Hello my lovelies! It’s getting harder to get out of bed lately. Cold rain and grey skies. My body is protesting the health I’m laying on it. Things are looking up though. I was approved for ads. I nailed a recipe from a very old cookbook. My sourdoughs are going from strength to strength.

Winter is truly here. Mornings are hard. Getting out of the shower is effort of will. My body has hit a wall this week. Extra exercise and diet changes are making my body work harder just now. Pushing through and getting extra sleep will get me there. I pulled a muscle in my core on Friday. I whined about it a lot. These are my first world problems.

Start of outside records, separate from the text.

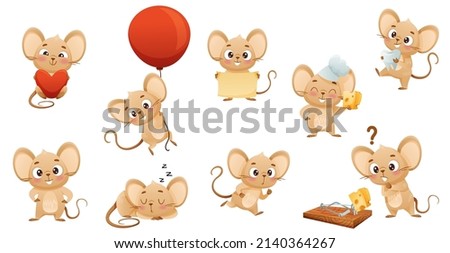 Cute little mouse doing various activities set. Funny brown baby animal character vector illustration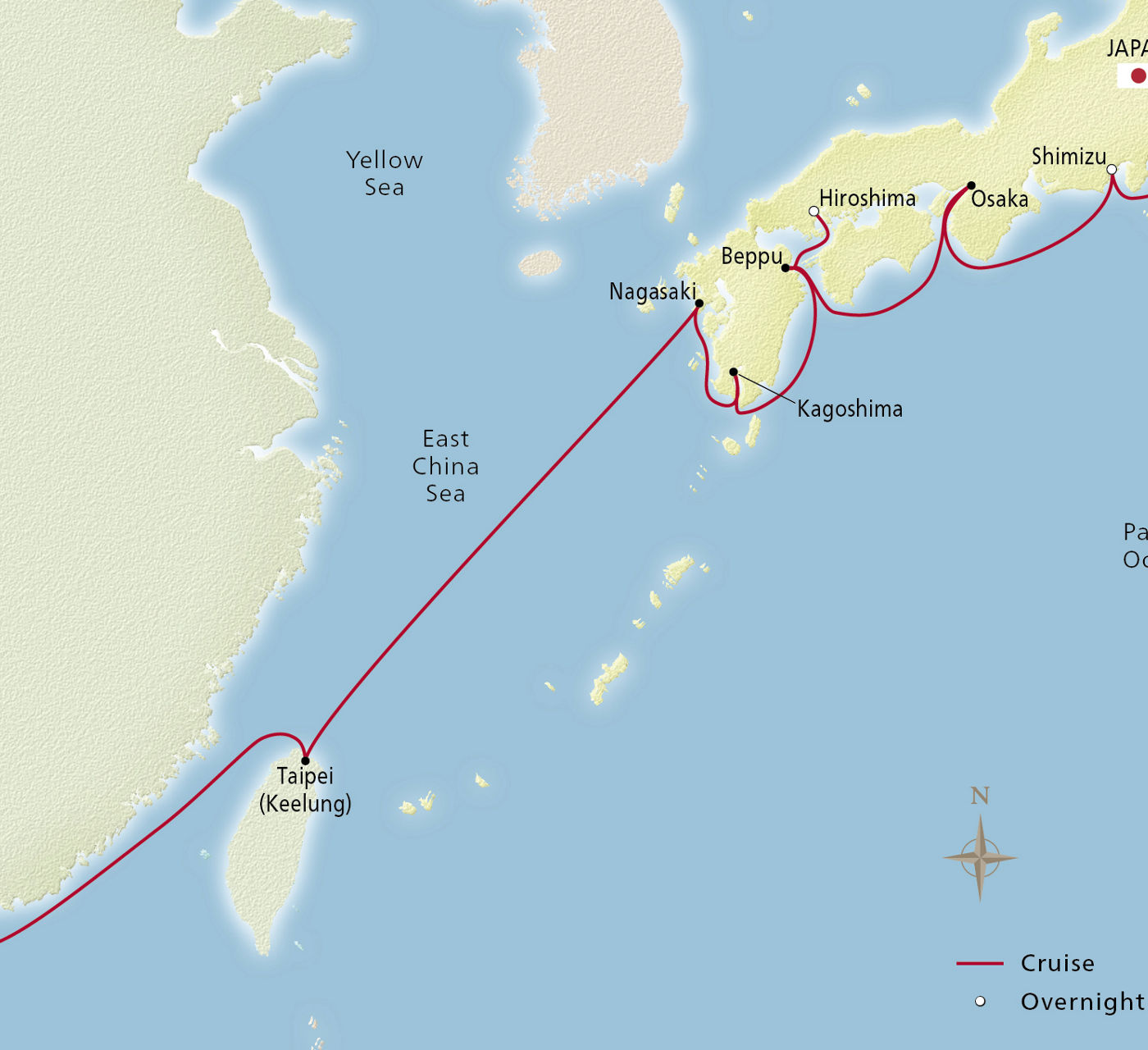Map of Far Eastern Horizons itinerary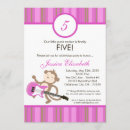 Search for girl monkey birthday invitations Girly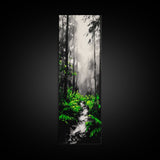 Misty Forest, Green Ferns, Moody Nature, Dark Aesthetic, Wall Decor, Canvas Print, Living Room Art, Modern Minimalist Artwork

Dear reader you may have noticed something new today. Unless you use an ad-blocker. I am now allowed to have ads! Thank you to everyone for visiting and making it possible. Now I know ads are annoying. But I’m not some mogul rolling in all the blogging money. I pay rent with contract work. I’m working on other bits and pieces. Every little bit of income helps. So please don’t block my ads. Mamma needs those fractions of a cent. In an odd way it’s a validating little step. Progress. One day I will have better control over sponsors and ads. But this is a start.

I love to make recipes from historical books. I have quite a few including Le Viandier de Taillevent from the 14th century. Which has recipes for peacock. Don’t worry I haven’t tried to make the peacock. I had recommended to me by a couple of different people Science in the Kitchen and the Art of Eating Well by Pellegrino Artusi. It is a classic written in the late 1800s. It is modern enough that the recipes are better documented. And they work. After a little interpretation. I made a fantastic kugelhupf. It’s a yeast leavened cake. It tastes and feels just like a sponge cake. With a little note that reminds you it was made with yeast. Delicious. And easy. Modern technology saved me half an hour of wooden spoon beating. Using yeast has another important implication. Sugar is not very structurally important. To get cake texture with much less sugar is an excellent development.

In other yeasty news. My sourdough is going great guns. I have a new favourite loaf. It is part spelt and has grains and seeds. For no extra effort than making a plain one. My starter is extremely active. I might need to move it’s home. It’s getting a bit cosy because of the heat pump. I’m baking from it twice a week so I haven’t been keeping it in the fridge. I am loving making and eating the breads. We both find them much easier to digest. The difference is quite noticeable. It’s more effort but totally worth it.

Spare the peacocks. Experiment. Make bread. Look after each other.